Thread: Maximum Possible Rectangles

Hey!

Flp's interpretation is wrong.

Let's say there are four points with their coordinates entered (A, B, C, D be the points). Based on the rectangle posted by flp, AB forms one side of the rectangle (with A and B forming a line segment, A being one vertice and B being the other). Till here, he's correct. But this rectangle isn't to be considered as one side of the rectangle merely passes through a given point C, and does not have C as a vertex.
If A, B, C, D are the given points then ABCD should be a rectangle formed and that must be counted, not any other rectangle that has a side passing through 3(or)2(or)1 of the given points.

https://cboard.cprogramming.com/atta...s-untitled-png

> So do the lines that from the rectangles have to be aligned with the axis?

No, not necessarily. Example 3 in #13 is not aligned with the axes. Yet, the rectangle formed by them is counted because the set of points entered serve as vertices. In flp's interpretation (the diagram he provided us with), one of the side passes through C, but does not have C as a vertex point, so such rectangles are not to be counted.

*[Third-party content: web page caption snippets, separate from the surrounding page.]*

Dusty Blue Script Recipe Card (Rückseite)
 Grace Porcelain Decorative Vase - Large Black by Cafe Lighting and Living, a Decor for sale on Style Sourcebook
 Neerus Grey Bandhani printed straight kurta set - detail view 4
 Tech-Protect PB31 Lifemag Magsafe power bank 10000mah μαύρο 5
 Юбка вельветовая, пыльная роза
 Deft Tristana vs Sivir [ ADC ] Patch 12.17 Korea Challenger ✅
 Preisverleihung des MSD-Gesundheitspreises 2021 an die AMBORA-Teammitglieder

Only those that can be formed using four points from the set of points such that the four points are the vertices of the rectangle.

> and both will give very different answers

Yes, that's true. But I think I've made myself clear now. The three example inputs should make it clear too.

Thanks!

@flp, if there's been any misunderstanding/miscommunication between the two of us, I apologise for that. I think it's become clear what I've been intending to convey. Thanks!

The question says to find the maximum possible number of rectangles. But it would be interesting to add code for displaying the points that form each rectangle.

I found a similar question but this one caters to only those rectangles whose edges/sides are parallel to axes. This is fairly easier question in which I didn't have to find slopes and do all the stuff I'm doing in my code above. I have an O(N^2) solution to it but I'll work on finding a more optimum solution, if any.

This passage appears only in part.